Rolling restart Admin API (#1026)

kbatuigas · JakeSCahill · commit 2e25c771fd13 · 2025-04-06T08:33:11.000+01:00
diff --git a/modules/get-started/pages/whats-new.adoc b/modules/get-started/pages/whats-new.adoc
@@ -7,6 +7,13 @@ This topic includes new content added in version {page-component-version} Beta.
 * xref:redpanda-cloud:get-started:whats-new-cloud.adoc[]
 * xref:redpanda-cloud:get-started:cloud-overview.adoc#redpanda-cloud-vs-self-managed-feature-compatibility[Redpanda Cloud vs Self-Managed feature compatibility]
 
+== New health probes for broker restarts and upgrades
+
+The Redpanda Admin API now includes new health probes to help you ensure safe broker restarts and upgrades. The xref:api:ROOT:admin-api.adoc#get-/v1/broker/pre_restart_probe[`pre_restart_probe`] endpoint identifies potential risks if a broker is restarted, and xref:api:ROOT:admin-api.adoc#get-/v1/broker/post_restart_probe[`post_restart_probe`] indicates how much of its workloads a broker has reclaimed after the restart. See also: 
+
+* xref:manage:cluster-maintenance/rolling-restart.adoc[]
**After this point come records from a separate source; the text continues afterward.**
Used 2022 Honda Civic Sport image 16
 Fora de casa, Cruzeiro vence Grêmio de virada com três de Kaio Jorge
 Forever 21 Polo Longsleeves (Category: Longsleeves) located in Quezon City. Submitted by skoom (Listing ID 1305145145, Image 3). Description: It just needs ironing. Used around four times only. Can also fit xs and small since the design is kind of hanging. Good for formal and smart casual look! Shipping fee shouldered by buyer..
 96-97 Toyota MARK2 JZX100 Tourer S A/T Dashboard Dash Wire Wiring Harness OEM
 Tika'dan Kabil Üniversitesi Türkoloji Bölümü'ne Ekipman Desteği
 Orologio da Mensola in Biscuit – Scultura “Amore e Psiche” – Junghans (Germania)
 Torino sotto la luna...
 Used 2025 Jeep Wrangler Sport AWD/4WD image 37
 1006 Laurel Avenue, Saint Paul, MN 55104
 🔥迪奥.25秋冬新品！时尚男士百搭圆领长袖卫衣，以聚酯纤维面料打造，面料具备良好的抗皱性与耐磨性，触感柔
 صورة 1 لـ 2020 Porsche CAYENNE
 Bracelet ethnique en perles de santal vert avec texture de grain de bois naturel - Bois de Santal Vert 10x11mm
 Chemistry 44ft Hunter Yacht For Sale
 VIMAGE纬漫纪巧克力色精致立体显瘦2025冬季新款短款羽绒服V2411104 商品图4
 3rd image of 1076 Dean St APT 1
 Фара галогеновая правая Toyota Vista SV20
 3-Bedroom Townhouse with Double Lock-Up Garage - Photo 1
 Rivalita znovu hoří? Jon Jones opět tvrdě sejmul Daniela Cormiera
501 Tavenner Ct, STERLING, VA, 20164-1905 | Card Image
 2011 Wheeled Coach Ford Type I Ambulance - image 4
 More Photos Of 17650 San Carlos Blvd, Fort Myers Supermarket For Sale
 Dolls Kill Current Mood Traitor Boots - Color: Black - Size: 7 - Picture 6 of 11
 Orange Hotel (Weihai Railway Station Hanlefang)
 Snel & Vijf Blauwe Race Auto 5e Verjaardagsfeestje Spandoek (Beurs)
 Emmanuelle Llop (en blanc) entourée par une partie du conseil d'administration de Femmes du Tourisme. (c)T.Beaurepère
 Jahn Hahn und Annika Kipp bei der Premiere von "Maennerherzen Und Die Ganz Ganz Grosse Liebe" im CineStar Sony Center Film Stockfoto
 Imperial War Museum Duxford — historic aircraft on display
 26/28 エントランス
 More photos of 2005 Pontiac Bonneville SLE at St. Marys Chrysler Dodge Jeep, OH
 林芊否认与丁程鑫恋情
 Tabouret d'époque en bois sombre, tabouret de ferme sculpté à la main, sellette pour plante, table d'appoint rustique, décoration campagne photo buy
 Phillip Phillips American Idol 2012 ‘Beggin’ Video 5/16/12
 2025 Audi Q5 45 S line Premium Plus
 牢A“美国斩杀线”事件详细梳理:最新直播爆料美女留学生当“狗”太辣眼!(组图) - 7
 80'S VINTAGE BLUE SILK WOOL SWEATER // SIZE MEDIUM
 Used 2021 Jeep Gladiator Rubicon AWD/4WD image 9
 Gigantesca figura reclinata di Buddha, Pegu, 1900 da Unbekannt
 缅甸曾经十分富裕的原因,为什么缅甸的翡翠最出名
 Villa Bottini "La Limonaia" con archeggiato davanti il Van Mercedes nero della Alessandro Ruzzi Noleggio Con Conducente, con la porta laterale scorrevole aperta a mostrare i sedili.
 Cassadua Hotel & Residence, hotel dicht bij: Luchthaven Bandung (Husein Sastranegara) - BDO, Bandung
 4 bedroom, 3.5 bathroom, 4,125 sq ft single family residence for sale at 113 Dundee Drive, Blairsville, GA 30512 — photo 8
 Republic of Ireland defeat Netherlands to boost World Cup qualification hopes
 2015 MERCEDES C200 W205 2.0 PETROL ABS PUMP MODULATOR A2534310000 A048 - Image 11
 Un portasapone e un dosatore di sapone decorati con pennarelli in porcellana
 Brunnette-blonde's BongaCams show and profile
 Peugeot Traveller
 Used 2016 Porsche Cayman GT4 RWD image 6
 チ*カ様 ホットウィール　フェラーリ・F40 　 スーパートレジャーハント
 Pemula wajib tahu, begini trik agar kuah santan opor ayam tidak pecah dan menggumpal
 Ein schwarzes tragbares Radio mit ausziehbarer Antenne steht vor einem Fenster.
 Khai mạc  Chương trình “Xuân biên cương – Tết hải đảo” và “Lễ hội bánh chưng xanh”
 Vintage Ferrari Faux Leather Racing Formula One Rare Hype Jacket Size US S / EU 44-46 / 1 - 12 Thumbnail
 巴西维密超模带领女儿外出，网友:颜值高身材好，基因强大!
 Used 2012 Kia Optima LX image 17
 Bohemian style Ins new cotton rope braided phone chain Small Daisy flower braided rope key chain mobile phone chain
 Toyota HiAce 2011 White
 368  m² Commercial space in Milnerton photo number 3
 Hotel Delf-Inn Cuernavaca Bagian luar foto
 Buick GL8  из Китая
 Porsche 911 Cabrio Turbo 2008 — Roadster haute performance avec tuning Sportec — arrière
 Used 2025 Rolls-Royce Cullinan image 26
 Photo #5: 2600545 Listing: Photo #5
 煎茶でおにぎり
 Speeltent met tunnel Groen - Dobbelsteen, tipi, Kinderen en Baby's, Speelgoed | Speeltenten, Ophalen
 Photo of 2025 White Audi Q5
+* xref:upgrade:rolling-upgrade.adoc[]
+
 == Redpanda Console v3.0.0 (beta)
 
 The Redpanda Console v3.0.0 beta release includes the following updates:
diff --git a/modules/upgrade/partials/rolling-upgrades/enable-maintenance-mode.adoc b/modules/upgrade/partials/rolling-upgrades/enable-maintenance-mode.adoc
@@ -10,7 +10,7 @@ rpk cluster health
 .Example output:
 [%collapsible]
 ====
-[.no-copy]
+[,bash,role=no-copy]
 ----
 CLUSTER HEALTH OVERVIEW
 =======================
@@ -19,12 +19,40 @@ Controller ID:               0
 All nodes:                   [0 1 2] <2>
 Nodes down:                  [] <3>
 Leaderless partitions:       [] <3>
-Under-replicated partitions: [] <3>
+Under-replicated partitions: [1] <3>
 ----
 <1> The cluster is either healthy (`true`) or unhealthy (`false`).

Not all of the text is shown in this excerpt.